Dunkerque, 26 novembre 2021, Calvaire des marins
Temps de prière pour les 27 personnes migrantes péries en mer
† Laurent Ulrich, Archevêque de Lille

Nous sommes rassemblés ce soir pour honorer la mémoire de ces enfants, de ces femmes, de ces hommes décédés mercredi en mer. Au moins 27 personnes, le naufrage le plus meurtrier que la Manche ait connu ces dernières années.
Avec mes confrères des diocèses d’Arras et de Cambrai, nous voulons saluer leur courage. A l’instar de nombreux autres, ils ont tout quitté dans l’espoir d’une vie meilleure. Combien sont-ils à nous faire ces récits de vie, comme Brahim, qui vivait heureux en Afrique auprès des siens, insouciant, jusqu’à ce que les choses deviennent dangereuses dans son pays. Son père, ses frères, leurs amis ont été assassinés alors il est parti, parti pour l’inconnu. Vendre ce qu’il avait, faire des petits boulots pour gagner de quoi aller encore plus loin.
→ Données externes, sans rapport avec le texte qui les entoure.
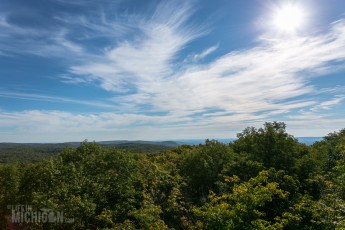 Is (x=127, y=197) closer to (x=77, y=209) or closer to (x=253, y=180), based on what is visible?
(x=77, y=209)

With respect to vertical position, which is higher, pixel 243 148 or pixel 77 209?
pixel 243 148

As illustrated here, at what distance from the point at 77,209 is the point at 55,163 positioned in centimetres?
770

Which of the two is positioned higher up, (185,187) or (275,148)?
(275,148)

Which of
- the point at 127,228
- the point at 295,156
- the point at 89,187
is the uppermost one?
the point at 295,156

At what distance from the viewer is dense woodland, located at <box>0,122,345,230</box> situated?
68.6 feet

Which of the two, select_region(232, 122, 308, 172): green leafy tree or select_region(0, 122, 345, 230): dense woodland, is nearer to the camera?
select_region(0, 122, 345, 230): dense woodland

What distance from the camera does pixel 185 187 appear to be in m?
37.0

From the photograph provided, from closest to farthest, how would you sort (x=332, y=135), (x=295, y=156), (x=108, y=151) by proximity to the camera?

Et les traversées… Les terribles traversées

« La Mer semble bleue et calme mais la réalité est autrement noire, inconnue et effrayante. Parce qu’aucun de nous ne savait nager. Des gens sont tombés à l’eau, ils devenaient fous sur la mer… Nous savions les risques que nous prenions. Nous avions peur, mais pas peur de mourir : c’est si tu restes, que tu es en train de mourir. » Avec tristesse, nous observons le manque d’espoir qui pousse les personnes en détresse à se faire exploiter par les trafiquants et ainsi accroître les profits de leur commerce illégal.
Ces récits sont terribles, mais il nous faut les entendre, ECOUTER la voix des migrants qui demandent à être accueillis des deux côtés de chez nous. Ce qu’ils ont traversé et les raisons qui les ont poussés à le faire.
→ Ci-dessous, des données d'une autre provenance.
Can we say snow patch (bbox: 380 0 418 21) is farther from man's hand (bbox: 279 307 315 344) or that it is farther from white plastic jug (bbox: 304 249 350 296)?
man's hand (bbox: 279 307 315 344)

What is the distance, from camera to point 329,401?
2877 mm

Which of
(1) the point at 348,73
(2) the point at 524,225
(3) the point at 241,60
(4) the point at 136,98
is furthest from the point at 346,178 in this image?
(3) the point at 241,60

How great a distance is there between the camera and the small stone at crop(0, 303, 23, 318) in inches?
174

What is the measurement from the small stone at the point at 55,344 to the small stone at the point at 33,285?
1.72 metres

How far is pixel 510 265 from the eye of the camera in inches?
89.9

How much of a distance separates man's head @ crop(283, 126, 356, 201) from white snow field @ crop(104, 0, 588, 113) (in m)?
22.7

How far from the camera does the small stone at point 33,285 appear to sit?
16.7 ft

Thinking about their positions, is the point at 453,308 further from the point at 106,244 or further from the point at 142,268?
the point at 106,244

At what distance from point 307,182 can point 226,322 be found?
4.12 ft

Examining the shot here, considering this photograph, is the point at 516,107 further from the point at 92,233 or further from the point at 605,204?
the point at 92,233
C’est un premier pas vers la compréhension qui mène à des actions et à de nouvelles actions constructives.
L’Europe peut relever ce défi : elle a les instruments pour mettre la dignité humaine au centre du débat et donner les moyens de cette solidarité internationale. Elle ne veut pas laisser la Méditerranée ni la Manche devenir un cimetière pour toutes ces personnes en exil.
Ils sont nos frères et sœurs en humanité et méritent d’être aidés pour trouver des lieux où ils peuvent vivre dignement et contribuer à la société civile.
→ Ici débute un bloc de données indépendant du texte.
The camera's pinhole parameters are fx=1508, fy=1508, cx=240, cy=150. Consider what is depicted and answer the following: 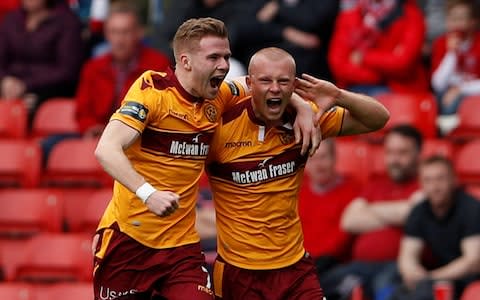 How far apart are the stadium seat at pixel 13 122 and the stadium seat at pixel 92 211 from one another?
1228 millimetres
Le pape François nous le rappelle souvent et particulièrement il a résumé son enseignement dans Fratelli Tutti 129. Lorsque le prochain est une personne migrante, des défis complexes s’entremêlent. Certes, l’idéal serait d’éviter les migrations inutiles et pour y arriver, il faudrait créer dans les pays d’origine la possibilité effective de vivre et de grandir dans la dignité, de sorte que sur place les conditions pour le développement intégral de chacun puissent se réunir. Mais quand des progrès notables dans ce sens manquent, il faut respecter le droit de tout être humain de trouver un lieu où il puisse non seulement répondre à ses besoins fondamentaux et à ceux de sa famille, mais aussi se réaliser intégralement comme personne. Nos efforts vis-à-vis des personnes migrantes qui arrivent peuvent se résumer en quatre verbes : accueillir, protéger, promouvoir et intégrer. En effet, « il ne s’agit pas d’imposer d’en haut des programmes d’assistance, mais d’accomplir ensemble un chemin à travers ces quatre actions, pour construire des villes et des pays qui, tout en conservant leurs identités culturelles et religieuses respectives, soient ouvertes aux différences et sachent les valoriser sous le signe de la fraternité humaine ».
Frères et sœurs, ensemble, nous prions pour ces personnes disparues, leurs familles, pour toutes les personnes en exil, que leur cri soit entendu et qu’avec elles nous construisions un monde plus fraternel.
Nous prions pour que tous ceux qui exercent au nom des peuples de lourdes responsabilités publiques et politiques, trouvent les voies les plus humaines devant ces enjeux si cruciaux pour la justice et la paix entre les nations.
Nous prions pour que chacun prenne ses propres résolutions pour sortir de l’indifférence, pour mettre en œuvre ce programme d’accueillir, de protéger, de promouvoir et d’intégrer les personnes qui sont réduites à ces départs de leur terre natale pour trouver un avenir.